Mmmmmm... Blizzards...

Wednesday, August 02, 2006

These Are The People In My Neighborhood

Last night I got a call from Leah, the neighbor next door, inviting me over to have a glass of wine with her and a couple of her women friends from the neighborhood.

Leah is the former neighbor I wrote about last summer. When she and her husband moved a few years ago, they kept the house next door to mine and rented it out until last spring, when they finally kicked out the Boy Toys (much to my relief) and put the house on the market.

For months, Leah has spent time at the house, getting it cleaned up and re-painted and ready to sell. Potential buyers have come and gone, but the house has remained empty. I'm sure our torn-up street didn't help matters.

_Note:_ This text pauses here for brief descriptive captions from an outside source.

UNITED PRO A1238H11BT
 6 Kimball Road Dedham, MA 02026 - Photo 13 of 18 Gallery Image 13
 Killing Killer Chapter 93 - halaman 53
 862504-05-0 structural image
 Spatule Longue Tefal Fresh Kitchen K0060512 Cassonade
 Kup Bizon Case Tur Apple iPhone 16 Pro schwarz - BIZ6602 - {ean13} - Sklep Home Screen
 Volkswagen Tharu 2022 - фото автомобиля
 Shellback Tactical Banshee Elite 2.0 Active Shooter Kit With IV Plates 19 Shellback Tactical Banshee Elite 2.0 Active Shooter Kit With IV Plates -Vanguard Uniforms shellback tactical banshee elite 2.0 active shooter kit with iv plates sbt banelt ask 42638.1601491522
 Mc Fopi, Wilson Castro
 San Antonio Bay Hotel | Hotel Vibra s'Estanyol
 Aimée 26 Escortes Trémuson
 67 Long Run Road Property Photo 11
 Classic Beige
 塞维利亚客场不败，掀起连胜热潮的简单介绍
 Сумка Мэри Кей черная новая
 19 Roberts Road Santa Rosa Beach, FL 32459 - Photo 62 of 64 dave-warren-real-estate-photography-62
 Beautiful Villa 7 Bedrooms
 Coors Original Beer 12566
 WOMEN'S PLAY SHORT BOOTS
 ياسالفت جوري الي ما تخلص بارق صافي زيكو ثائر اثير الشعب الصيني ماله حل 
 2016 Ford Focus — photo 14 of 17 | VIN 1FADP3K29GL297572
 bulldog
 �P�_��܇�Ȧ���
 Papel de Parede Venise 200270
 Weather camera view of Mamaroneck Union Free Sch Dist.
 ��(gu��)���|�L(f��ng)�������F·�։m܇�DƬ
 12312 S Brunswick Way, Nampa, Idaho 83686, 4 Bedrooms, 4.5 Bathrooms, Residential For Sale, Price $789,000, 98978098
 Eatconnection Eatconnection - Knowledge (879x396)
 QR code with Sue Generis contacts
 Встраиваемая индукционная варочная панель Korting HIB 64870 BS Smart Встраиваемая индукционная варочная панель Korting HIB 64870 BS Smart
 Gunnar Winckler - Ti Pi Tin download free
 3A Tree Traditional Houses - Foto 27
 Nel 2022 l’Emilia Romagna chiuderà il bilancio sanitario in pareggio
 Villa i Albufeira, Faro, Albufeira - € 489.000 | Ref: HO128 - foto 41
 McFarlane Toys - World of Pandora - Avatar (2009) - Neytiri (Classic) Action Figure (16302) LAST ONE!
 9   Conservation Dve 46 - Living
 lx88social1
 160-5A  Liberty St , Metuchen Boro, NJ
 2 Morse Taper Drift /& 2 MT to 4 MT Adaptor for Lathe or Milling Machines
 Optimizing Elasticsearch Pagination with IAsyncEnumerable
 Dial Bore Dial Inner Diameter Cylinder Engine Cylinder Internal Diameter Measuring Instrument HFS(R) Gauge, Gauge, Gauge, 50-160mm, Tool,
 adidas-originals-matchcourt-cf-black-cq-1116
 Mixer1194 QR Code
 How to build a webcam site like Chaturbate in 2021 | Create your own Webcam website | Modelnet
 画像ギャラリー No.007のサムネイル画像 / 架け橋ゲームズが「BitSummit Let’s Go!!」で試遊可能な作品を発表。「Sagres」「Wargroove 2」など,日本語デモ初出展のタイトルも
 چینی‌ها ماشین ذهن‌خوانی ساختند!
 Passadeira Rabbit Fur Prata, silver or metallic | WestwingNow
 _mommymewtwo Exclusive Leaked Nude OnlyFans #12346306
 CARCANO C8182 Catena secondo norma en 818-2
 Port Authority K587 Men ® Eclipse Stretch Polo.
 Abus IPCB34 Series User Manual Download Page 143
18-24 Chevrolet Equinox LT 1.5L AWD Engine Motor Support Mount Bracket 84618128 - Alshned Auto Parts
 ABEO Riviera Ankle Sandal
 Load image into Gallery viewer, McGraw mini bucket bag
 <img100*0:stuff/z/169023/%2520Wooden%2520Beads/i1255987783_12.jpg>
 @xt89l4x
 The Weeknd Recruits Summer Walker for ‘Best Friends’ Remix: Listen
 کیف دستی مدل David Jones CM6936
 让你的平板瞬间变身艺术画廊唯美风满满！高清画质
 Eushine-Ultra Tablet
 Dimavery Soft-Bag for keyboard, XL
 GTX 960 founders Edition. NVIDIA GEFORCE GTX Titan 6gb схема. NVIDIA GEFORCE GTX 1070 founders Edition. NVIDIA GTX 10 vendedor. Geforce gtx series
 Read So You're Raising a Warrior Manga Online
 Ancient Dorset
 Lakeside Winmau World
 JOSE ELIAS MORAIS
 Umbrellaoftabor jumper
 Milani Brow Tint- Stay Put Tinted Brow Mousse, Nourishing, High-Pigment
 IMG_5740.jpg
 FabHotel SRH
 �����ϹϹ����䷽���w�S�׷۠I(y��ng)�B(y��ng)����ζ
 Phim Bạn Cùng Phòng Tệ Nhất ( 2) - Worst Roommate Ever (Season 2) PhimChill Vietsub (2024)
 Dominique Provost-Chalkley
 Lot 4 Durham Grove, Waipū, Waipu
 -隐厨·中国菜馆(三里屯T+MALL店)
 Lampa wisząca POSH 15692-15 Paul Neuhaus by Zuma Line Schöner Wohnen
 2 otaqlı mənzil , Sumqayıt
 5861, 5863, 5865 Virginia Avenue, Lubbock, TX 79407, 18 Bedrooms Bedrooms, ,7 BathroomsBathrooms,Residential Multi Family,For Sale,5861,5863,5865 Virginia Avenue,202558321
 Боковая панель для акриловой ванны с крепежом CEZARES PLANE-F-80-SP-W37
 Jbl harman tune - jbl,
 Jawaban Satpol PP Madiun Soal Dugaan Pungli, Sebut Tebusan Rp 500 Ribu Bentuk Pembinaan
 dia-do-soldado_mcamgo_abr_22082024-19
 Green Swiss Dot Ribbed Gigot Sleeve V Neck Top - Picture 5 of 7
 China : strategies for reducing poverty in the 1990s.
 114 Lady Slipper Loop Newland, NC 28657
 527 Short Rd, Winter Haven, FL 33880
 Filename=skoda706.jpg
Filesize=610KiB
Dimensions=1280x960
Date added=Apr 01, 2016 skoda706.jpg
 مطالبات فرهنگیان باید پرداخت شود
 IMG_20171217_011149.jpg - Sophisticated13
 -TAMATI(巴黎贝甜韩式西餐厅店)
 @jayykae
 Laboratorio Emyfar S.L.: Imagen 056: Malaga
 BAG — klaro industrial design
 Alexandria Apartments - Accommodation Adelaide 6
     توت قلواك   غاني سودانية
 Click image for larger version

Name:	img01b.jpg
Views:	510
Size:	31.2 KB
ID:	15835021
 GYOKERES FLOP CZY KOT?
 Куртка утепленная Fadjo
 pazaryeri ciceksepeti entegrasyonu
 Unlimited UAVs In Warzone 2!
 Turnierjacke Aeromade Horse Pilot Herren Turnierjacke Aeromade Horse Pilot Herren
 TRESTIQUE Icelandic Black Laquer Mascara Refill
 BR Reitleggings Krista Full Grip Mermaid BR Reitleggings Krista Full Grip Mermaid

Then last Thursday, she left me a voicemail saying, “Hey, guess what, I’m your neighbor next door again. Come on over when you’re home.” My former neighbor and her kids had moved back into their freshly-painted former house, minus one alcoholic husband.

She's remarkably composed about it all, hopeful that they might reconcile, but also very clear that she can no longer live the way she has been. Her family and friends have been around a lot, offering support and whatever household items she forgot to bring with her.

One thing I had forgotten about Leah is that she is such a friendly, outgoing person, she has no problem stopping passersby in front of her house, introducing herself, asking where they live, and taking a moment to get to know them. I watched her do it on her first day back. My own operating style in the neighborhood has always been to keep to myself, nod and say hello when people pass by on the sidewalk, and then pretty much leave it at that. It turns out that she has several neighborhood friends from her three-year stint next door, while I, in my nine years on the block, have gotten to know the people who live on either side of my house, and that's about it.

Last night when she called, I had just returned from having dinner with My Ho and Batgirl and Jeb (Mr. Batgirl). It was the second goodbye dinner of the summer for me--the first was just before Dr. Dave moved to Maryland, and next week Batgirl and Jeb are moving to Massachusetts--and with that on top of moping about missing BlogHer, my plan was to spend a quiet evening nursing my abandonment issues in front of "Sex and the City" reruns. But some wine and socializing with people who live close by suddenly seemed like an excellent alternative, especially since the Demis are up north with The Ex's parents this week, and I had a bottle of Two Buck Chuck already chilled in the refrigerator.

At one point during the evening, Leah proudly showed the four of us who were there the array of tools, picture hooks and nails she had picked up in the Dollar Spot at Target earlier in the day (“My very own screwdrivers!”). This prompted her friend Tammy, who lives around the corner from us and is also a single mom, to observe that Home Depot can be a very sexy place, if one knows how to work it.

“I just walk up to one of the employees and tell him I need a good screw," she said. "He’ll go on and on about the long screws, the short screws, the hardwood screws, even the self drilling screws. The electrical department can be really fun, too.”

Certainly, the circumstances of Leah's return to the house next door are unfortunate, and there’s no knowing how long her stay will last. But I have to admit, it's fun hanging out with the neighbors.